Input records -

=== Section Start ===

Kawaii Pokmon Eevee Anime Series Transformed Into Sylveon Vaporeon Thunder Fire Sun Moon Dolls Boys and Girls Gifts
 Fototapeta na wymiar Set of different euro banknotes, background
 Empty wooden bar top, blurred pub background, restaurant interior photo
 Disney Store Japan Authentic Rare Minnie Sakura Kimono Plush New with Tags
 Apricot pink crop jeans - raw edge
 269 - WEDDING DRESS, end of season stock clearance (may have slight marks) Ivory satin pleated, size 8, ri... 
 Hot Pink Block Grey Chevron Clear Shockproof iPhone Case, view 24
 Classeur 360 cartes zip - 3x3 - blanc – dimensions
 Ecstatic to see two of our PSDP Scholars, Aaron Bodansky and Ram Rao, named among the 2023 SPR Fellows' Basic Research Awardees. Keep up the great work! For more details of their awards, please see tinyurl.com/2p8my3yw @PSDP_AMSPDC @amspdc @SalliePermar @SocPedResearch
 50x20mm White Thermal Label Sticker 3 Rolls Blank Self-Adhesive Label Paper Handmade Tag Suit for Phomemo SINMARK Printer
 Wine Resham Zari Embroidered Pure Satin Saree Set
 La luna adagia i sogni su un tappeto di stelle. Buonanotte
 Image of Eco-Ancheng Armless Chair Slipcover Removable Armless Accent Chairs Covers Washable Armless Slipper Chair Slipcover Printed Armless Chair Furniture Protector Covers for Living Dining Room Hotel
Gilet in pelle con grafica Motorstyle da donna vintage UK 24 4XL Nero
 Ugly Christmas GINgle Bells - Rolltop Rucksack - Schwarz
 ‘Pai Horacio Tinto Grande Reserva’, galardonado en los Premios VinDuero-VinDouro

=== Section End ===

What you will do - Above are the lines; repeat exactly the ones from the line containing "Fototapeta na wymiar" down to the line containing "Apricot pink crop jeans - raw edge", both inclusive.

Solution to this exercise -
 Fototapeta na wymiar Set of different euro banknotes, background
 Empty wooden bar top, blurred pub background, restaurant interior photo
 Disney Store Japan Authentic Rare Minnie Sakura Kimono Plush New with Tags
 Apricot pink crop jeans - raw edge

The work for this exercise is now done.